Scraped caption text data
/---

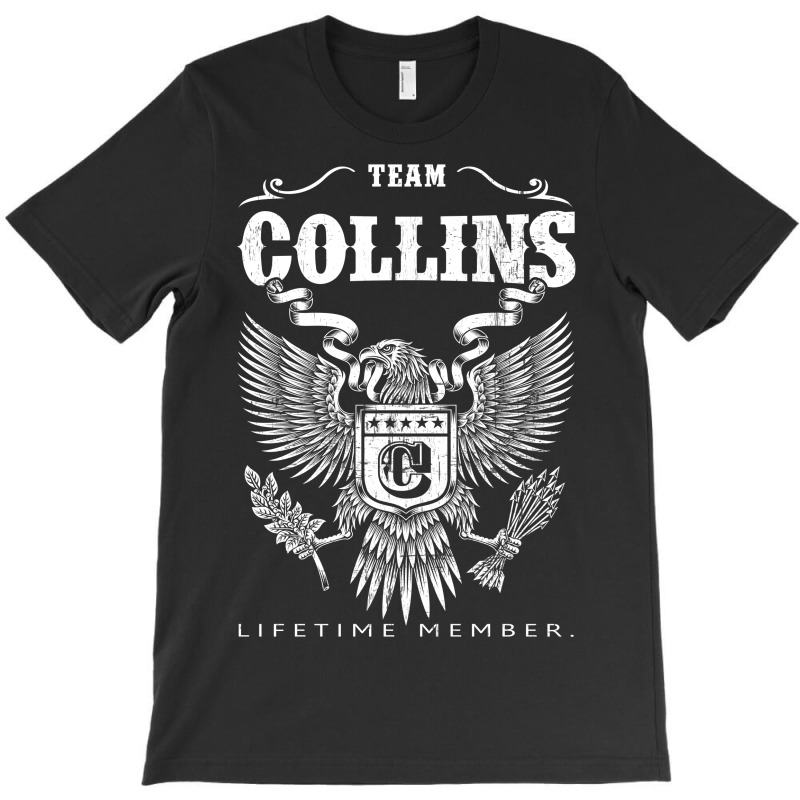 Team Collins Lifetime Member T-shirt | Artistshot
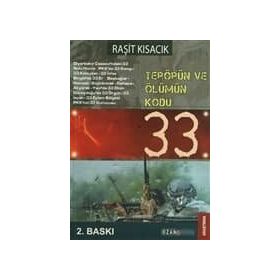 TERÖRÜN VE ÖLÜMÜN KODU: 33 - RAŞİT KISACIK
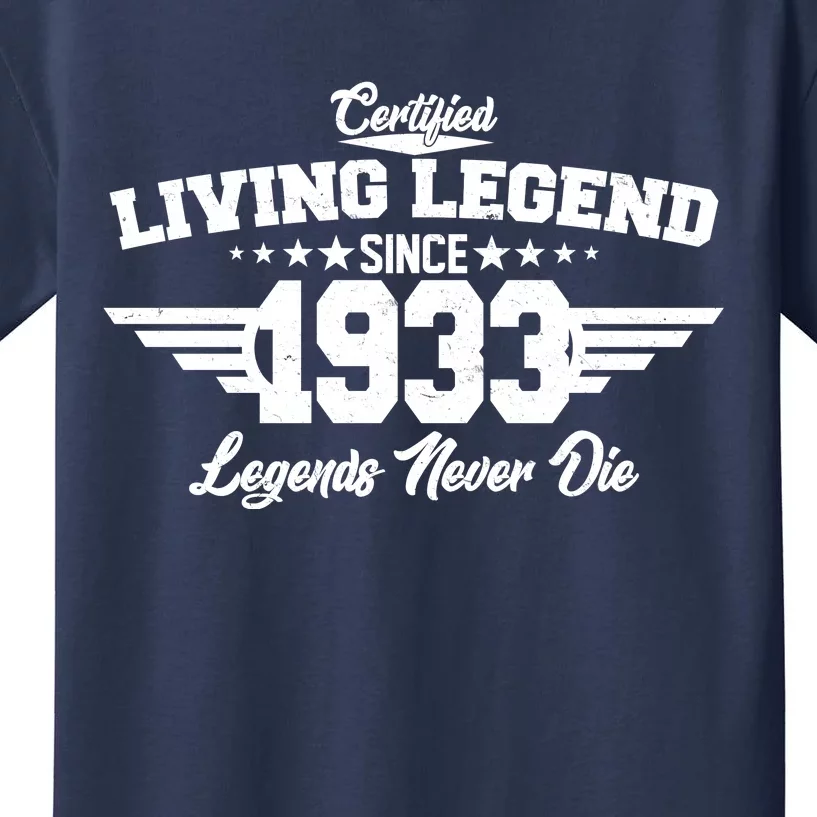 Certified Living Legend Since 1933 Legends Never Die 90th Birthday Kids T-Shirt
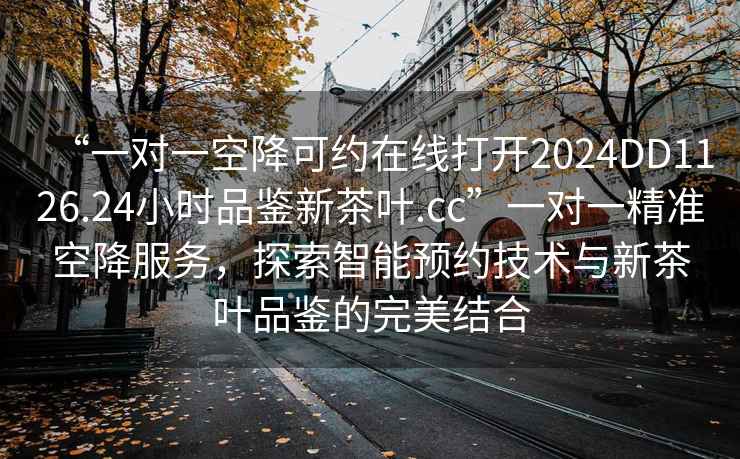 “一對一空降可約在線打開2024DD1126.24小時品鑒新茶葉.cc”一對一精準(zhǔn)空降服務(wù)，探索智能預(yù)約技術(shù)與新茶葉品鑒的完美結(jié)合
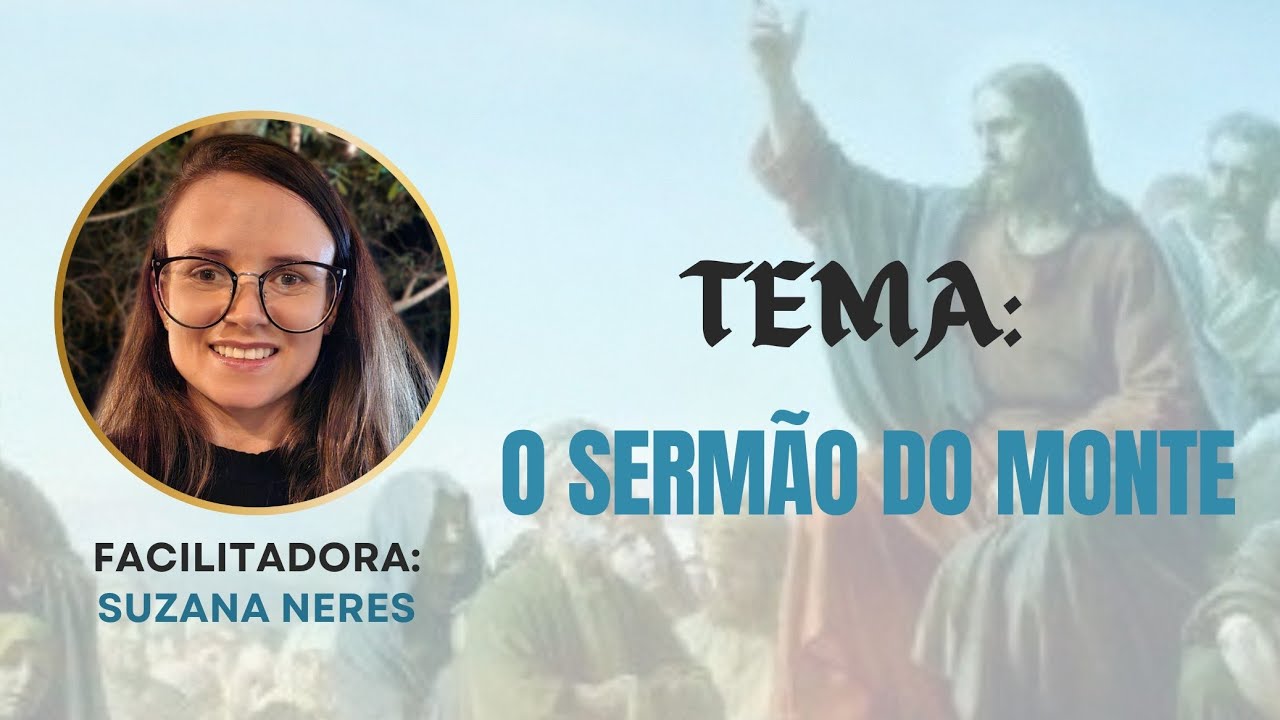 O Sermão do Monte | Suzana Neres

\---

### PROBLEM:
Write every record out again exactly as written. Pictures don't belong in the copy.

### ANSWER TO THIS PROBLEM:
 Team Collins Lifetime Member T-shirt | Artistshot
 TERÖRÜN VE ÖLÜMÜN KODU: 33 - RAŞİT KISACIK
 Certified Living Legend Since 1933 Legends Never Die 90th Birthday Kids T-Shirt
 “一對一空降可約在線打開2024DD1126.24小時品鑒新茶葉.cc”一對一精準(zhǔn)空降服務(wù)，探索智能預(yù)約技術(shù)與新茶葉品鑒的完美結(jié)合
 O Sermão do Monte | Suzana Neres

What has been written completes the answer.